Similar experiences have frustrated Americans for years – but, increasingly, the U.S Supreme Court and lower federal courts are doing what they can to reverse the trend, in some cases striking down rules that interfere with people's property rights.

Critics charge that property rights, protected under the U.S. Constitution, have not been enforced vigorously since the "New Deal" era of big government began in the 1930s under President Franklin Delano Roosevelt.

"You can't ever undo history," said Judge Loren Smith, senior judge of the U.S. Court of Federal Claims, during a panel discussion sponsored by the conservative Federalist Society. "But what you can do is rebuild a society based upon economic freedom."

The slow rollback of federal regulations mirrors the trend worldwide, away from the collectivist view and toward capitalism, according to Smith, appointed to the bench by President Ronald Reagan in 1985.

"We're entering a period not seen since the 1930s, when the government and courts decided that they could do whatever it was that they wanted to do," added James Huffman, dean of the Lewis & Clark Northwestern School of Law.

The panel discussion was titled "Rolling Back the New Deal: Judicial Review of Economic Regulations." The new strategy of the federal courts is a subtle but steady effort, through opinions issued in an array of cases, to restore the kind of economic liberties that the U.S. was founded on more than 200 years ago, said Richard Epstein, the noted constitutional scholar and acting dean of the law school of the University of Chicago.

"The [Justice Antonin] Scalias of the world are trying to erect walls in their opinions" to protect property rights from overzealous regulators, said Epstein. "But it is difficult to do."

A case in point was the recent 5-4 ruling by the U.S. Supreme Court in the case of the Army Corps of Engineers vs. the Solid Waste Agency of North Cook County, Ill. Federal officials had tried to declare a gravel and sand lot a wetland because of concerns that migratory birds flying south for the winter from Canada would not have a place to rest their wings and get a drink of water.

The Supreme Court struck down the federal rule, with Chief Justice William Rehnquist noting that it would "result in the significant impingement of the property rights and primary power over land and water use" of the owner of the land.

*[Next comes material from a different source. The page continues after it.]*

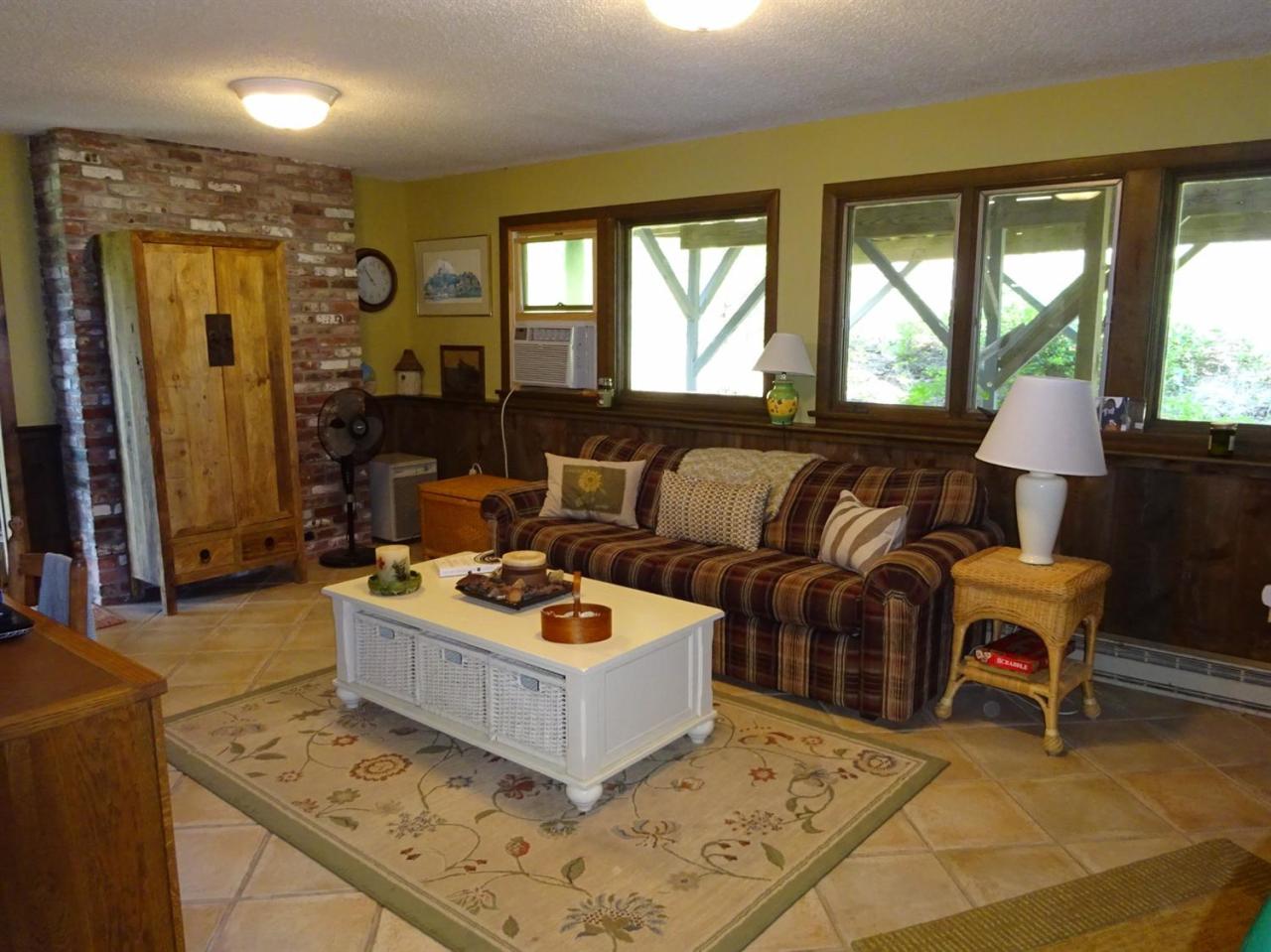 51 9th Street Wellfleet, MA 02667 - Photo 24 of 35 a living room with furniture and a large window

Another recent case in the Supreme Court involved Eastern Enterprises vs. Apfel, where justices decided it was unfair for the federal government to impose pension regulations on a company after it had shut down.

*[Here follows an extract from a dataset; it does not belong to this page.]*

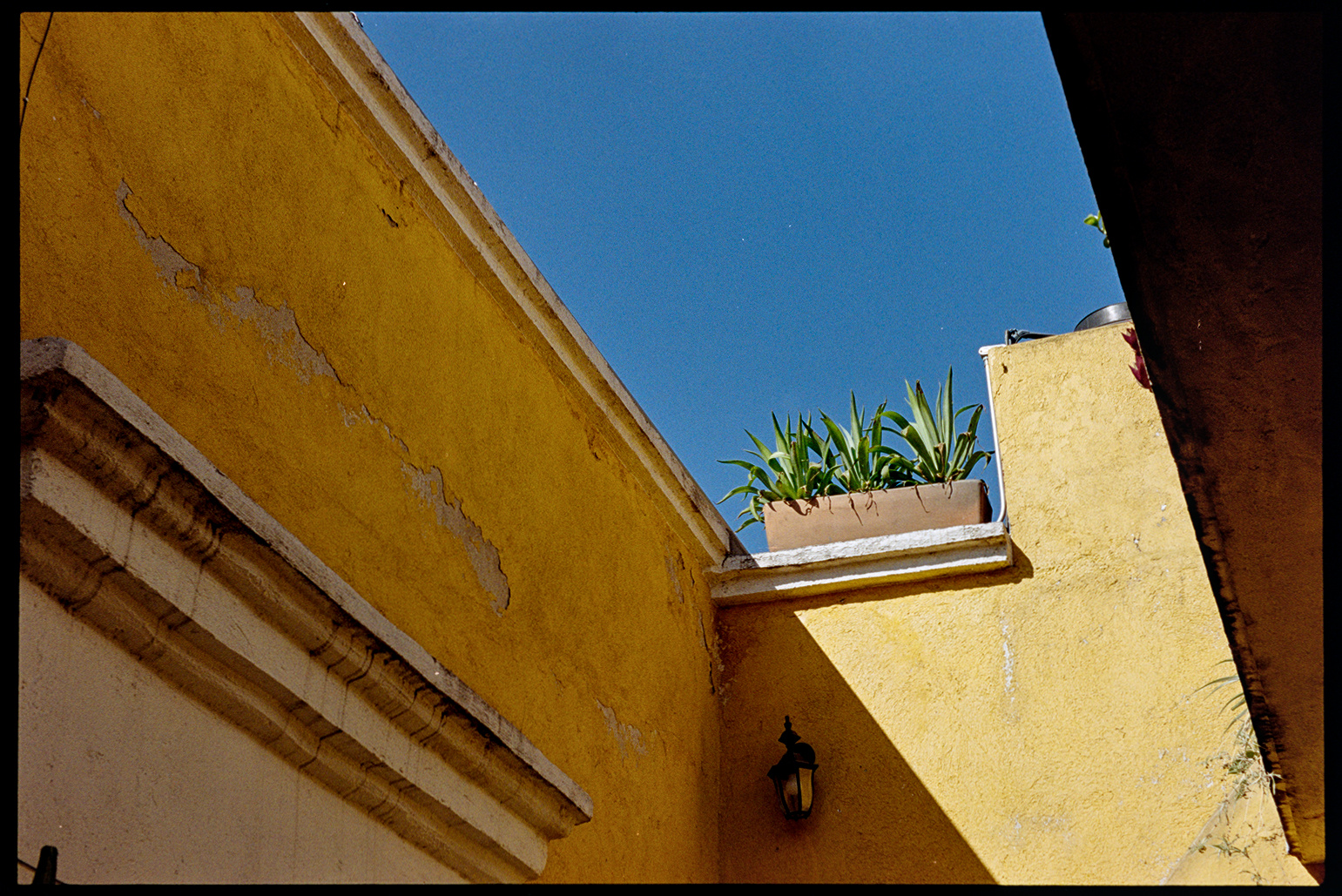 View of the sky from inside the corridor of a cafe in Oaxaca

"The Supreme Court is taking more of these cases," said Robert Brauneis, a professor of law at George Washington University Law School and a former clerk for two of the justices now on the court. "This shows that they're interested in striking down regulations in cases with egregious facts."

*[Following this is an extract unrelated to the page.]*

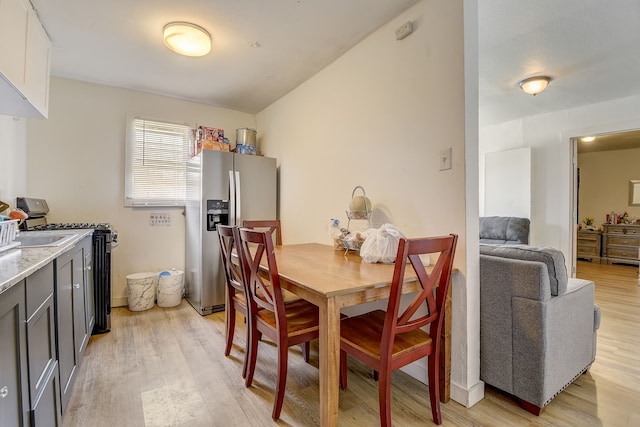 dining area with light hardwood / wood-style flooring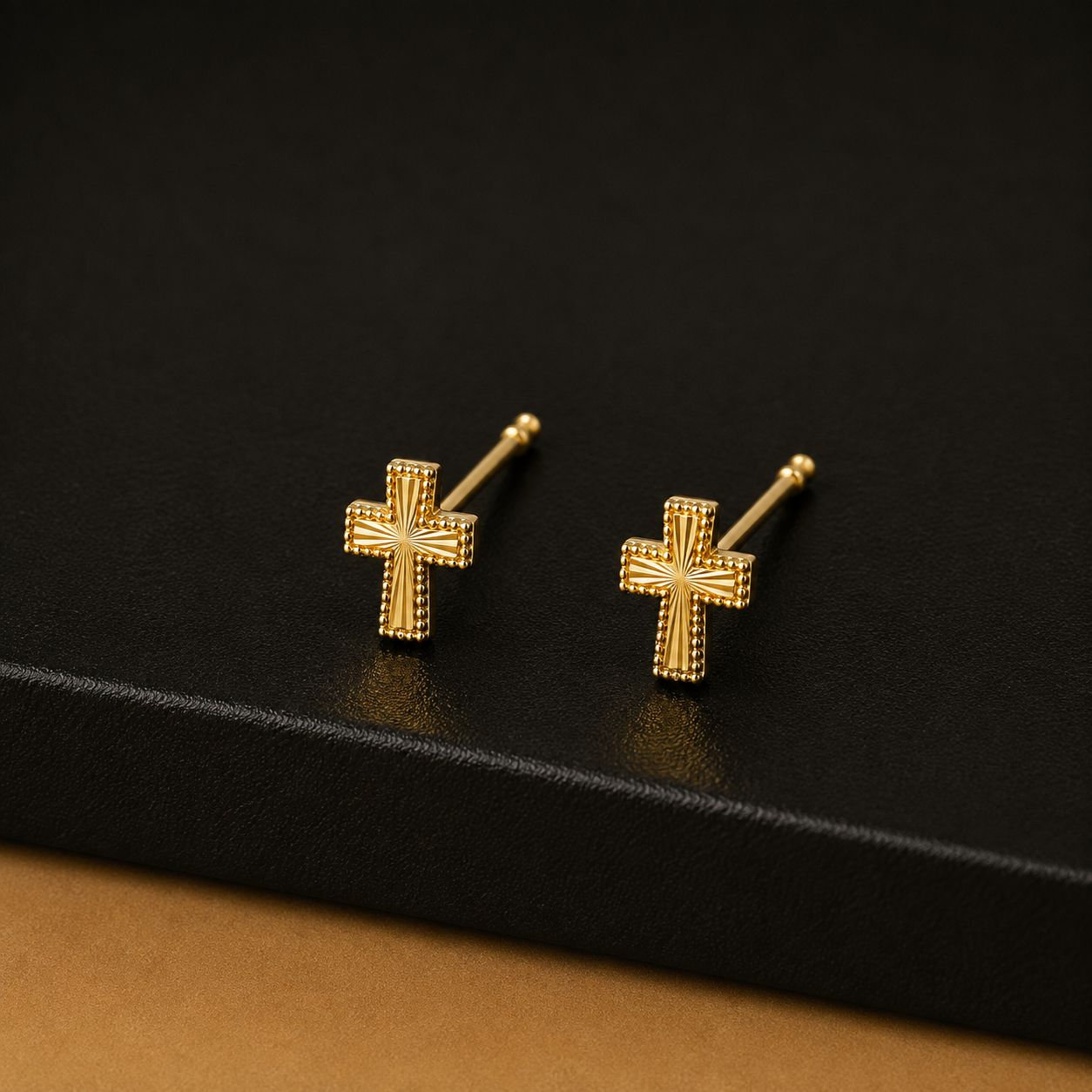 Solid gold cross stud earrings with sunburst engraving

Lower-court decisions – a "wetlands" case from Minnesota titled Cooley vs. United States and the case involving Florida Rock Industries vs. United States – have been judged in favor of the plaintiffs seeking to protect their property rights from federal regulations.

"We owe a lot to lower-court judges who made decisions that have changed the face of the law," said Huffman. "There are important things going on in the lower courts that we ought to pay attention to."

Epstein said during the last 70 years, jurists, prodded by FDR and then other liberal politicians, moved away from the classic, libertarian point of view that property ownership was an essential element of a person's liberty. Many federal regulations are nothing more than "mass confiscations," which violate the Constitution's prohibition on "takings," he said. A taking is when the government claims private property for its own use.

"There were a lot of misconceptions of the social sciences, like economics and the law, during the late 19th century that culminated in collectivism," said Judge Smith.

"They thought they could use the social sciences to change the world. They'd forgotten that people have rights in their property – and a property in their rights. Life, liberty and property are the fundamental aspects of a free humanity."